In A.L.I., "Agency," Comment "D," sec. 229, p. 512, we find this statement: "Going to and from work. If the master supplies a servant with a vehicle in order that the servant may go to or from work, it is important to ascertain whether the vehicle is supplied primarily for the purpose of assisting the master's work, or for the purpose of assisting the employee to perform what is essentially his own job of getting to or from work. The mere fact that the employer supplies a vehicle does not establish that those who avail themselves of it are within the scope of employment while upon it, especially if the use is merely casual. On the other hand, the fact that the master contracts to supply a vehicle, or that the supplying of a means of access to the work is one of the inducements to the employment indicates that the operation of the vehicle is part of the master's work. If employees are required to use a particular vehicle, and particularly if they are paid while in it, it would ordinarily be found that the driver of the vehicle is acting as the employer's servant." On page 513, we find this apt illustration: "P. employs A., who lives two miles from P.'s office. As A. has difficulty in getting to the office on time, he persuaded P. to allow him to use an old car belonging to P. In driving to the office in this car, A. is not in the scope of employment." Also to the same effect are Berry on Automobiles (6 Ed.), sec. 1475, p. 1139, and Blashfield's Cyclopedia of Automobile Law, vol. 2, p. 1414, and 42 C.J., sec. 868, p. 1108.
In the case at bar, the servant did not, in any manner, join the master's business, and we have reached the conclusion that the jury could not so infer from the facts of the case. The mere lending of one's automobile to another does not create liability of the owner to any one injured by the negligent driving thereof. Sharples v. Watson, 157 Miss. 236, 127 So. 779. Of course, this rule is subject to the modification that if the lender knowingly puts his automobile into the hands of an incompetent driver, he may or may not be liable, according to the circumstances.
We are, therefore, of the opinion that the case of Southern Bell Tel.
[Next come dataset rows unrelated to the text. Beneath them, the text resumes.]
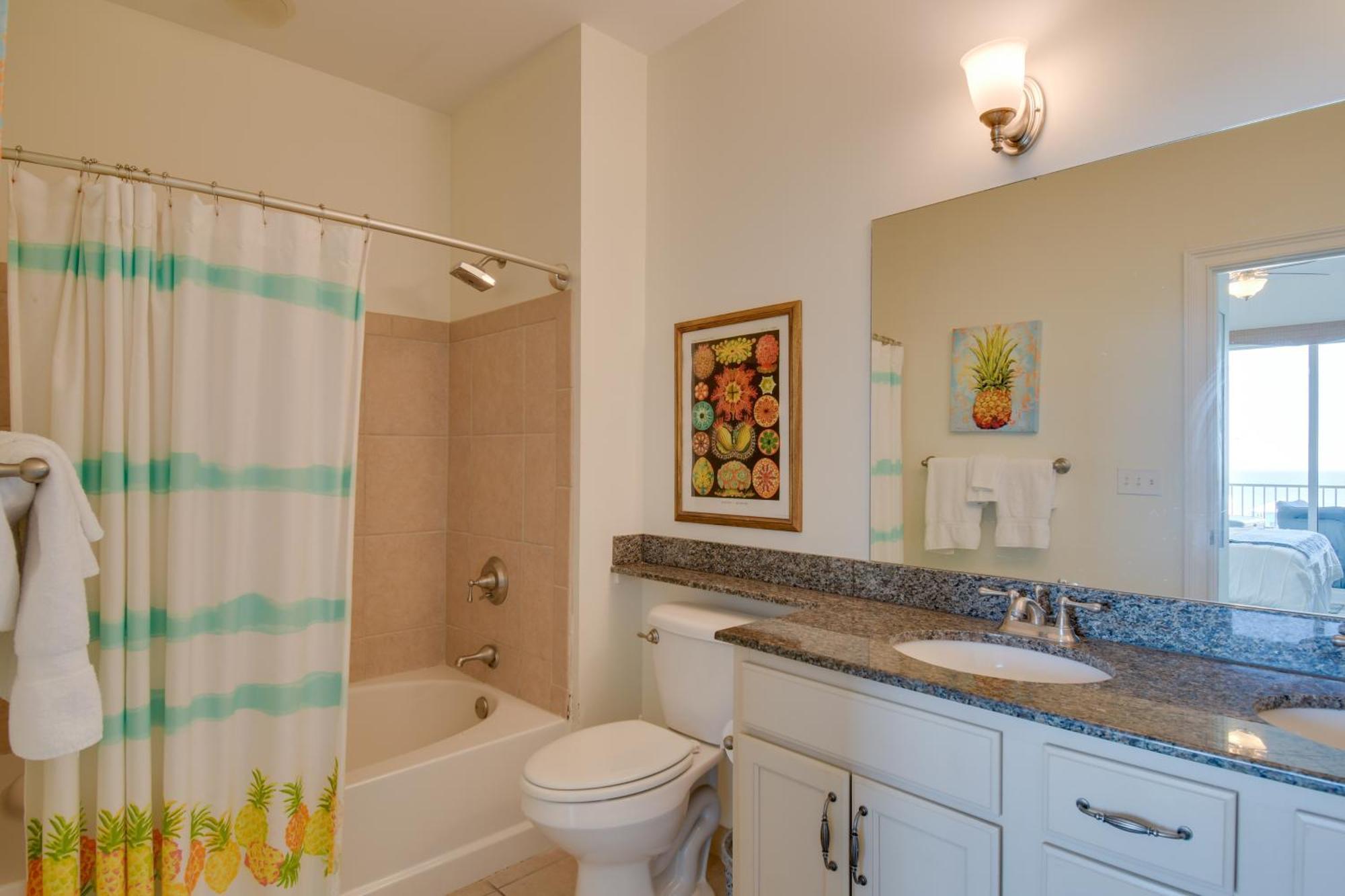 Beachfront Gulf Shores Family Escape Pool Access Екстериор снимка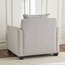 Hanford Fabric Armchair-furniture-sofaandseating-armchairs-image-3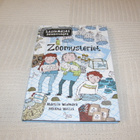 Widmark - Willis Zoomysteriet - pikkukuva 1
Co. v. Quick, 167 Miss. 438, 149 So. 107, cannot be invoked to apply to the facts of the case at bar. In that case, Stewart, the employee, was engaged in the master's business and was using his automobile in the furtherance thereof. He had orders to go to lunch and to return to the office, and he used the automobile to go to his lunch. His speedy return and the fact that the automobile had never been brought back to the place of storage by the servant rendered the use thereof, at the moment of the injury, in furtherance of the master's business; and the deviation or detour by the servant, in the use of the automobile, under the circumstances, rendered its use by Stewart, at the time of the injury, a question for the jury as to whether or not Stewart was still engaged in his master's business.
We are of the opinion that the court below correctly apprehended and applied the facts in this case to established principles of law, and correctly excluded the evidence and granted the peremptory instruction requested.
The suggestion of error will be sustained and the cause affirmed.